Scrutiny of Visit Duluth by a city task force caused two members of the board to resign, the head of Visit Duluth’s board announced during a meeting on Wednesday.
Visit Duluth board chairman Tony Bronson announced that Renee Mattson and Sean Dean tendered their resignations to the board. Mattson is the director of Spirit Mountain and the wife of Terry Mattson, Visit Duluth president and CEO. A representative of Spirit Mountain is required to sit on the Visit Duluth board under the group’s bylaws.
“There has been no bigger advocate for Spirit Mountain than Renee,” Bronson said. “We’ll miss that.”
The board also voted to adopt a change recommended by the Tourism Tax Task Force that will require the head of Visit Duluth to have checks co-signed by a board member.
But Visit Duluth will fight other changes recommended by the City Council-appointed task force, including having an outside consultant review Visit Duluth’s operations and a requirement that the tourism bureau’s funding be renewed for only one year. Other groups were recommended for three-year funding.
The City Council could vote Monday on whether to support those recommendations.
Bronson said during Wednesday’s meeting that having a one-year budget could affect future events such as the Tall Ships Festival.

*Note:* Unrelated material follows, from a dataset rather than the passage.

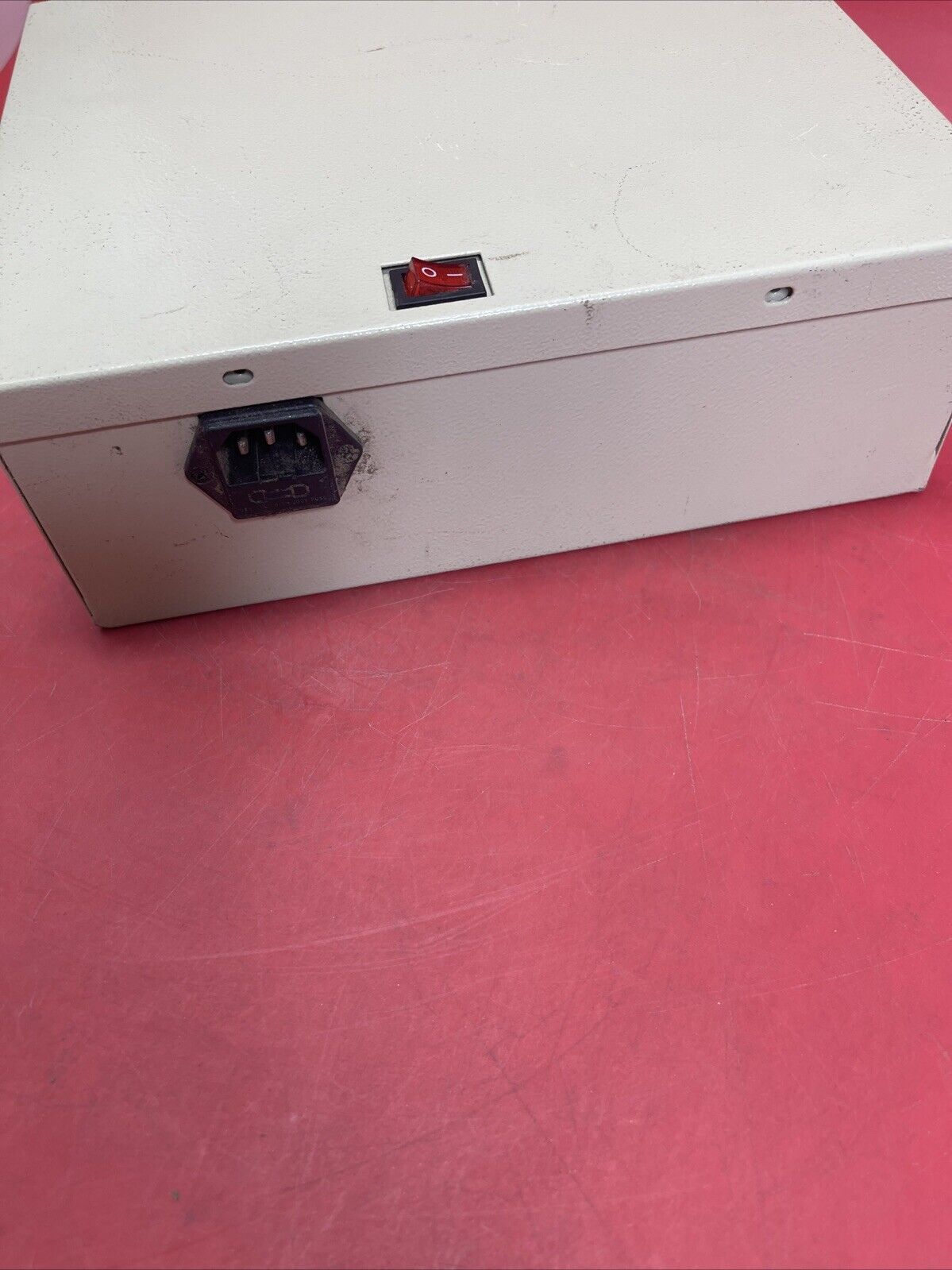 LTS AC Power Supply Box AT-F-09-3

“Having one-year contracts doesn’t allow for that,” he said.
Terry Mattson said spending what could be $50,000 to $100,000 to hire an outside consultant would be unnecessary as the group has had a yearly audit for “three decades.”

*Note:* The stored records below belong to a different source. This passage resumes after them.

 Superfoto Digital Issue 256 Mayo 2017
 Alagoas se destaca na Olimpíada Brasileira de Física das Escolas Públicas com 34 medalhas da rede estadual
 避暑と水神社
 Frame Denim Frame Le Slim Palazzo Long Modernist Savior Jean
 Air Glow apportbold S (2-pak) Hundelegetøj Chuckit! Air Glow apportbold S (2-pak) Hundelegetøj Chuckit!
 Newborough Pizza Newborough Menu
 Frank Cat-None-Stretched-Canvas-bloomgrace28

The task force recommended the one-year budget and outside consultant along with several other changes in response to what it deemed were problems with Visit Duluth’s operations. Among those problems cited in a report and by task force members were conflicts of interest among board members, lack of financial controls and an oversized board.
Dean, co-owner of Citon Computers, resigned because of what Bronson called a misperception of a conflict of interest on the board.
“He had heard of it from people on the street,” Bronson said. “He felt like he had to take care of business first.”
Bronson said even before the task force came out with its recommendations that they were moving toward having a smaller board, but also wanted to make sure that interests of the community were represented.
“We are under the microscope, but I don’t feel like we need to make any rash decisions,” he said.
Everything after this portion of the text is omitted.